About this exercise: Shown below is a listing with pictures; reproduce exactly, and only, the lines between the ones containing "Já sai recheado" and "剣と天秤を持った女神ということは裁判所?<br /><br />でも最高裁判所は別の場所にあるはずなんだけど…。", inclusive, leaving the pictures out.

Supplied information:

Start of Block

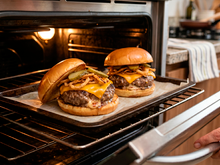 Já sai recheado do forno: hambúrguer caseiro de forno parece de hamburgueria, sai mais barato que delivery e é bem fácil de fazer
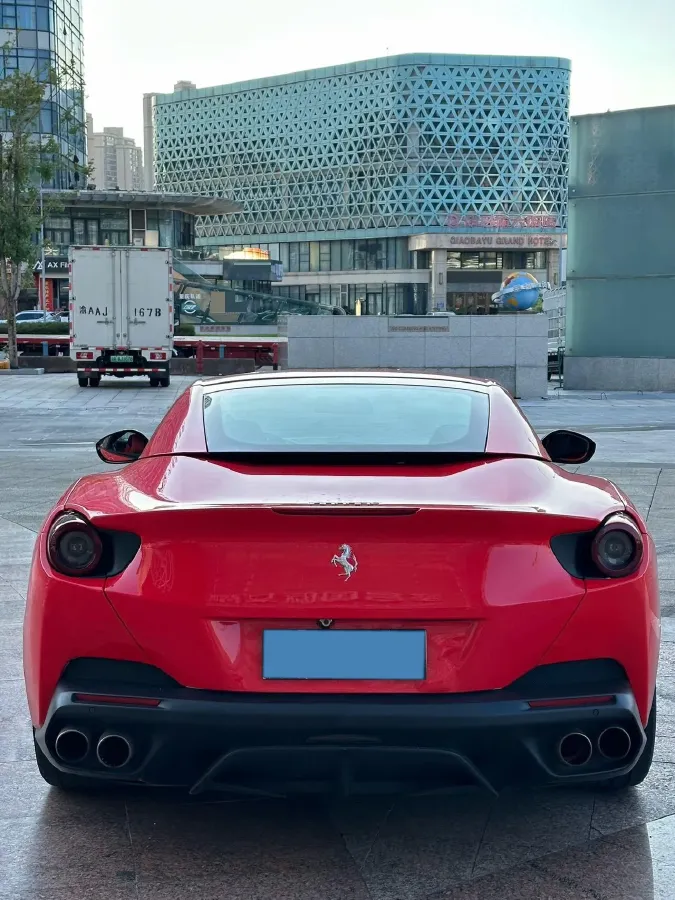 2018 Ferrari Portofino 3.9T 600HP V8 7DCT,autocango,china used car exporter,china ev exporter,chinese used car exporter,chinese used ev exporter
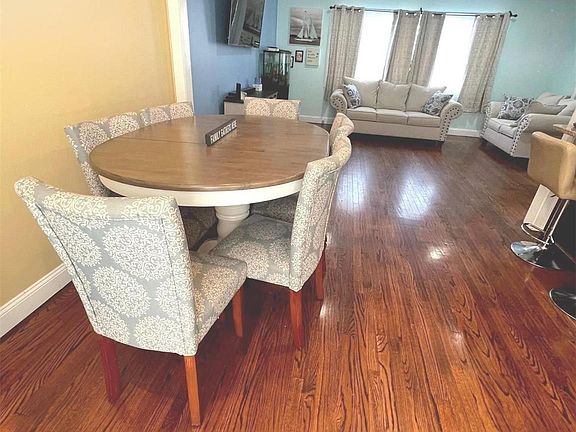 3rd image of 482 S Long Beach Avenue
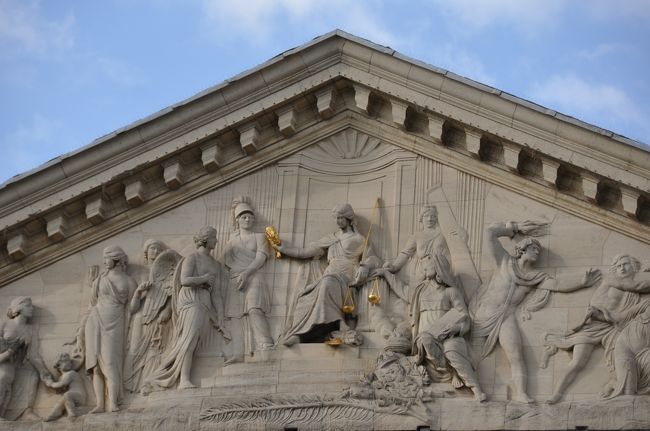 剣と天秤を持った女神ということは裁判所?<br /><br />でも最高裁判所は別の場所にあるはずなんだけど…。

End of Block
Start of Block

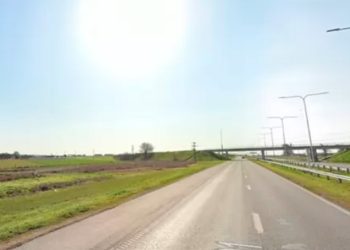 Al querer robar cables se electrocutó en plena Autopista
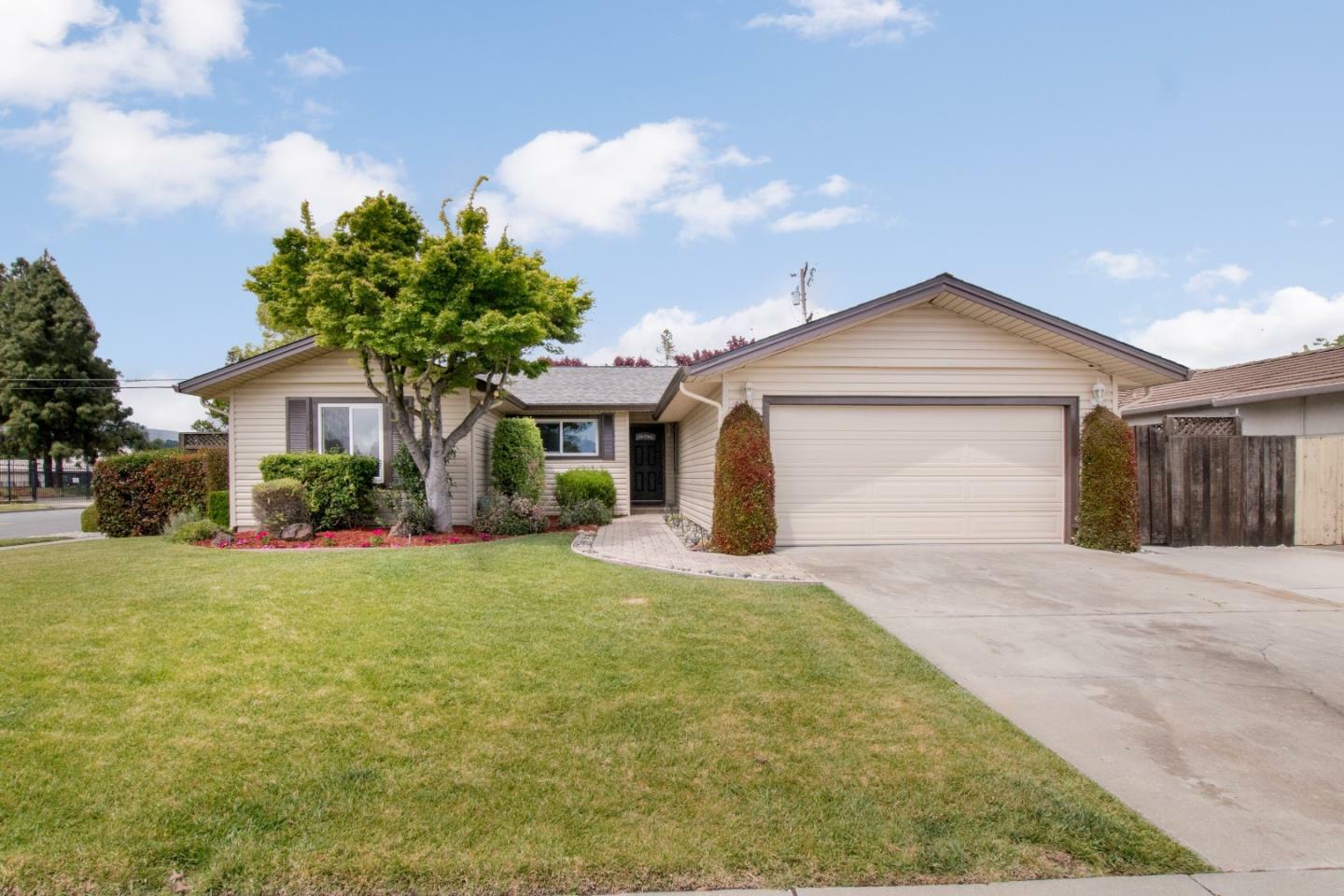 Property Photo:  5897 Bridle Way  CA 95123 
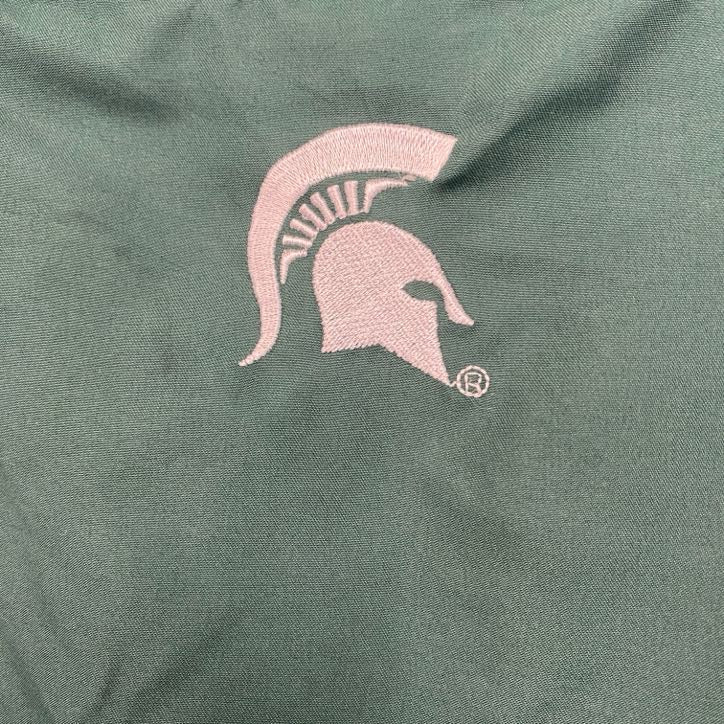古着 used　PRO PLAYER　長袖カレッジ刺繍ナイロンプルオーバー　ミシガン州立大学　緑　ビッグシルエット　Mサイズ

End of Block
Start of Block

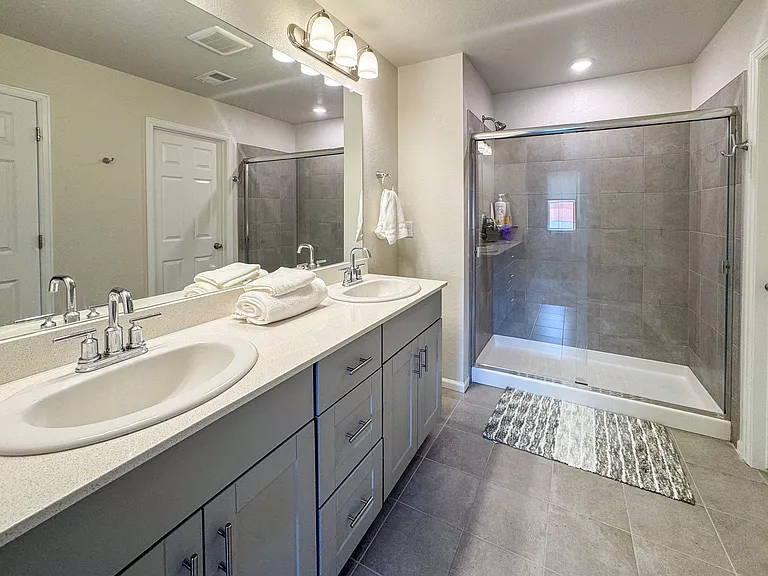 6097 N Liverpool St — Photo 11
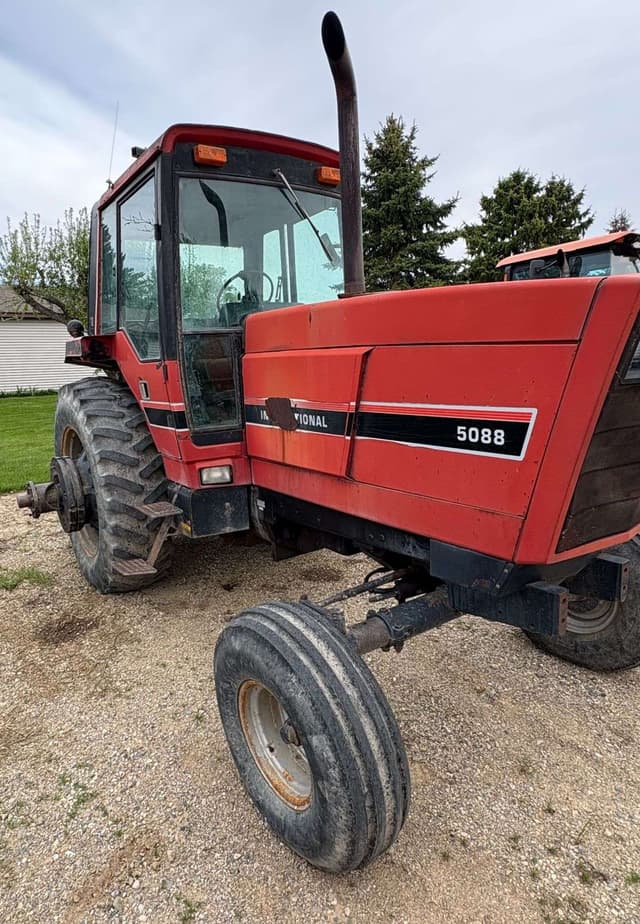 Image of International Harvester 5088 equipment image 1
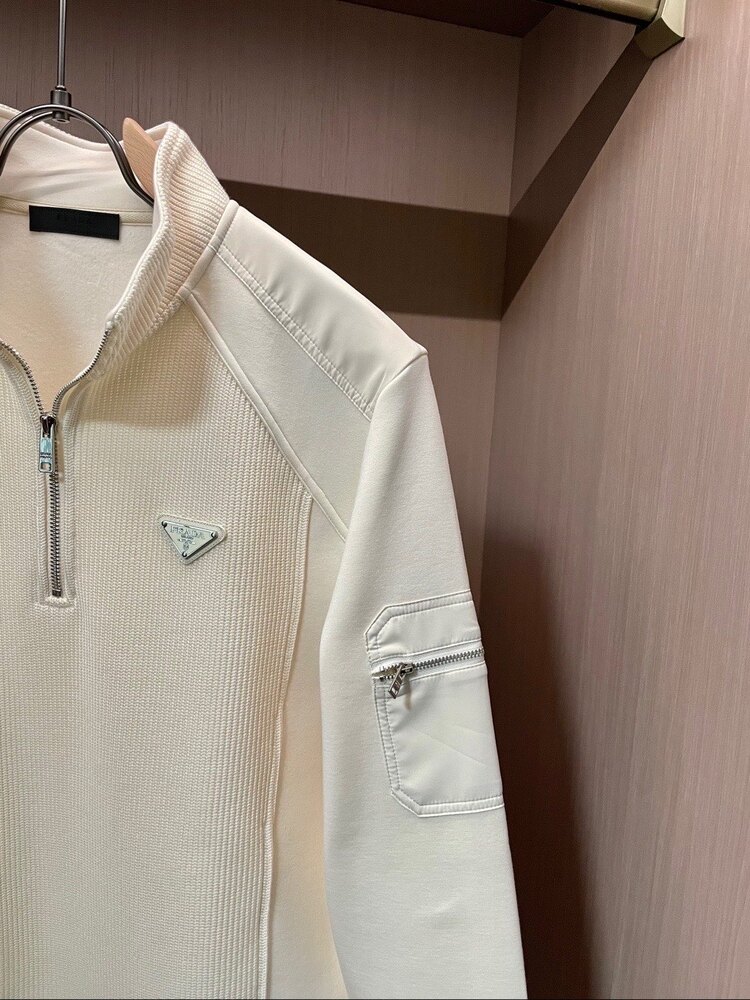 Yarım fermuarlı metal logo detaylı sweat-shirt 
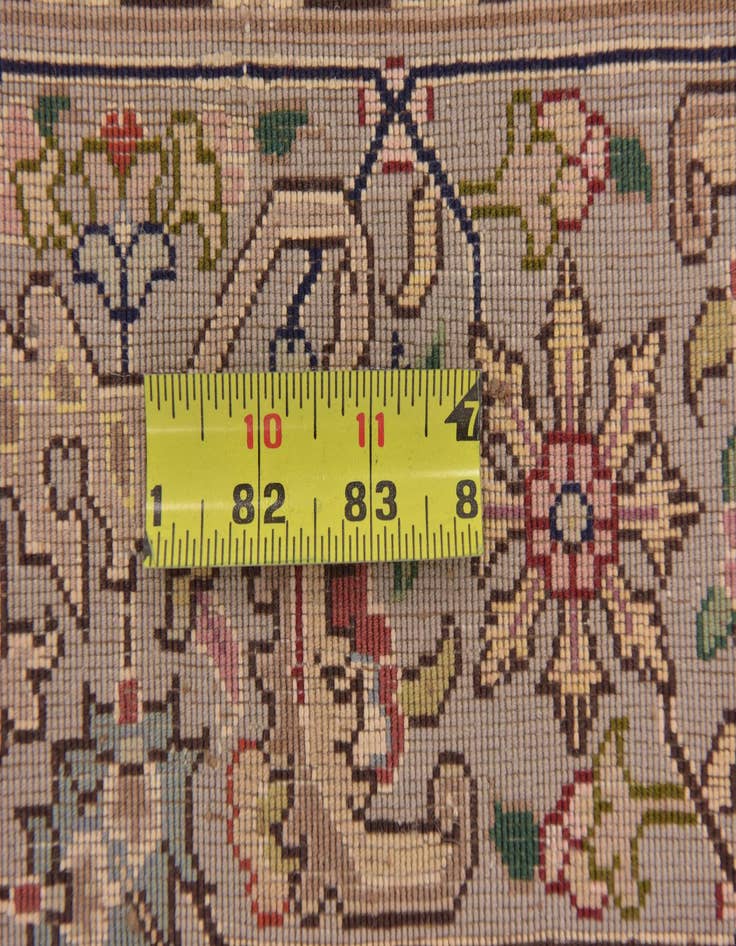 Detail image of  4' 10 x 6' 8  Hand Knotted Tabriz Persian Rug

End of Block

Answer section:
 Já sai recheado do forno: hambúrguer caseiro de forno parece de hamburgueria, sai mais barato que delivery e é bem fácil de fazer
 2018 Ferrari Portofino 3.9T 600HP V8 7DCT,autocango,china used car exporter,china ev exporter,chinese used car exporter,chinese used ev exporter
 3rd image of 482 S Long Beach Avenue
 剣と天秤を持った女神ということは裁判所?<br /><br />でも最高裁判所は別の場所にあるはずなんだけど…。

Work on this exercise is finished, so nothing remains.